Assessments were constantly altered in order to be as standardized, reliable and valid for all test-takers as possible. “When personality tests first hit the scene back in the 1940s and 1950s, social personality psychologists really got into devising personality tests, validating them on a standardized group and applying it to a lot of people and typologies,” Hebert said.

Hebert also often has his students take a test known as the Values in Action Characteristics Core Test. “This test allows people to find the best parts of themselves,” Hebert said. “Maybe they might not have the personality trait that they necessarily wanted, but you might find out that you’re kind to others, for example, and you can work on showing your strengths and valuing yourself.”

Positive psychology is founded on the belief that people want to live meaningful and fulfilling lives, cultivate what is best within themselves and enhance their experiences of work, love and play. Taking the assessments helps enhance the idea of positive psychology and allows people to focus on benefiting and improving themselves by using test results.

In today’s world, personality tests, even unreliable ones, are taken a lot. According to an article written by Massachusetts Institute of Technology (MIT) psychologist Sherry Turkle, this occurs because people want to believe that human nature is quantifiable and “get a read on themselves” by following the idea of narrative personality, the idea that humans make sense of their lives by organizing events into more understandable storylines. According to Hebert, some people also take tests to waste time. “I think young people are a little bit more prone because they haven’t really formed their complete identity—there’s a lifelong search for identity,” Hebert said. “If you [go off to college and] become a different person then maybe taking these tests is somehow helpful, but unless it’s a serious test that’s been validated it’s probably just more an expression of, ‘Gee, I don’t know who I am.’”

Freshman Malik Fuentes also agrees that personality tests are simply a fun activity to him. “I think they’re fun and engaging to do when you’re bored and you figure out, ‘Hey man, this is entirely untrue,’” he said.

A common argument against personality tests is that they are unreliable, but this is simply untrue. According to Vox, 40 percent of test-takers get a different result on the Myers-Briggs test when taking it the second time. Hebert believes that this does not occur because the test is flawed, but rather because personality does not always tend to the extremes that the test has set. “[The lack of consistency] in personality tests might have more to do with the fact that personality can trend towards the middle rather than that the test is inherently flawed,” he said. He added that when taking reliable tests multiple times, students can expect their result to average out and remain consistent, as long as the test includes the Big Five.

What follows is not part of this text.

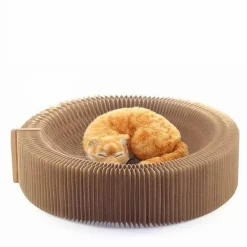 TailTrend Haustierzubehör|Haustierbetten-Akkordeon-Katzenkratzbett – Verspieltes Möbel für Katzen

Despite the researched reliability of tests like the Big Five, the internet has changed the way personality tests are regarded. Many are created by amateurs on sites like Buzzfeed and Facebook, or with goals more malicious than simply intriguing you to click on a link. The Facebook-Cambridge Analytica data scandal involved the collection of personally identifiable information of nearly 87 million Facebook users. Data from users was allegedly used to attempt an influence on voter opinion for certain elections. “Sometimes, they’re just trying to collect information from you like Cambridge Analytica did… they got their information by having people take personality tests,” Hebert said. “It might just be an attractive way to collect demographic information.”